“I’ve never seen you looking so middle-aged,” my mother said, with a kind of wonderment, an unspoken, “If you’re this age, what does that make me?” I was less offended than you’d think. Her eyesight is absolutely appalling: she can only tell the difference between the cat and the kettle when one is miaowing. Whatever it was about me that was screaming “middle years”, it was more likely to be that I smelled of garlic and Parma Violets than that my jawline was disintegrating and I’d taken on a fading skin tone. Even though both of those things may or may not be true – depending on the lighting.

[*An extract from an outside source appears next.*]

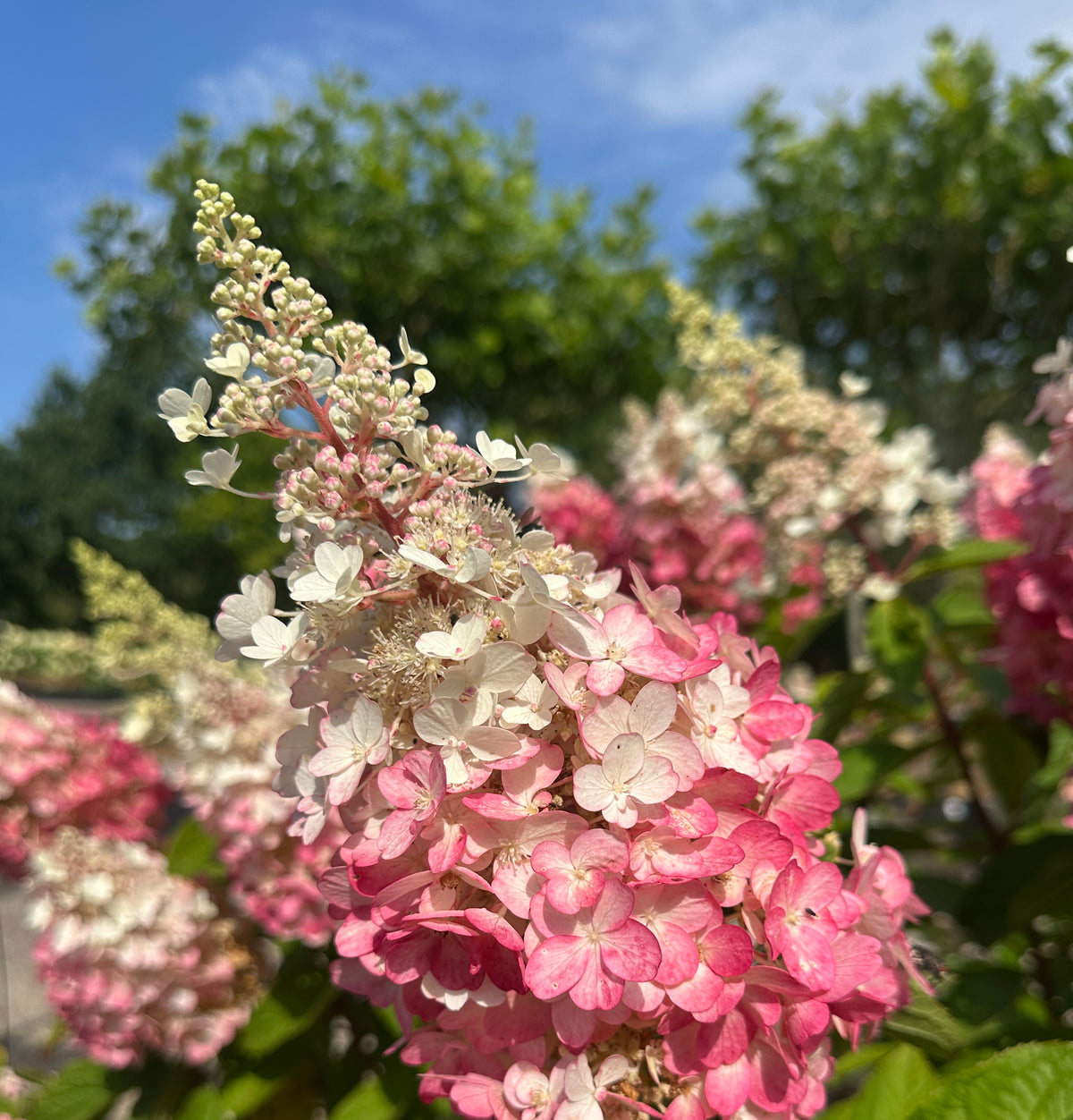 Nærbillede af syrenhortensia 'Pinky Winky' med en stor, kegleformet blomst i et smukt miks af hvide og rosa farver.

Nevertheless, at a party later the same day, I found the time to complain about her, and a friend said, “Well, it must be quite weird, when your kids hit 50,” and I said, “But I haven’t hit 50”. And I didn’t even particularly mind that, since we were at a 51st birthday, and I guess it’s fair to assume that everybody at one of those will have met the milestone.
Still, on the phone the next day, I was moved to complain to a whole other person. How come C thinks I’m 50? We’ve known each other for at least 20 years, and been ageing at the same rate that entire time. What did she think I’d done, hit fast forward? “Well,” he said, “You’re 50-adjacent.” “Absolutely no way. 50-adjacent is 49. AND I’M 48. WHAT’S THE POINT OF EVEN HAVING NUMBERS, T, IF 48 IS THE SAME AS 49?”
So now it’s day three since the original detonation, and I’m complaining to person four about T, and his post-maths, which may as well be post-truth worldview, and person four circles back to the original remark and says, “I’m younger than you, and I think it’s fair to say we’re both middle-aged. We’ve neither of us got more life ahead of us than behind.”
Never think to dull an insult by repeating it to someone else. You just create a domino effect, an insult pile-up. It’s better to just suck it up. This is some quality middle-aged wisdom for you.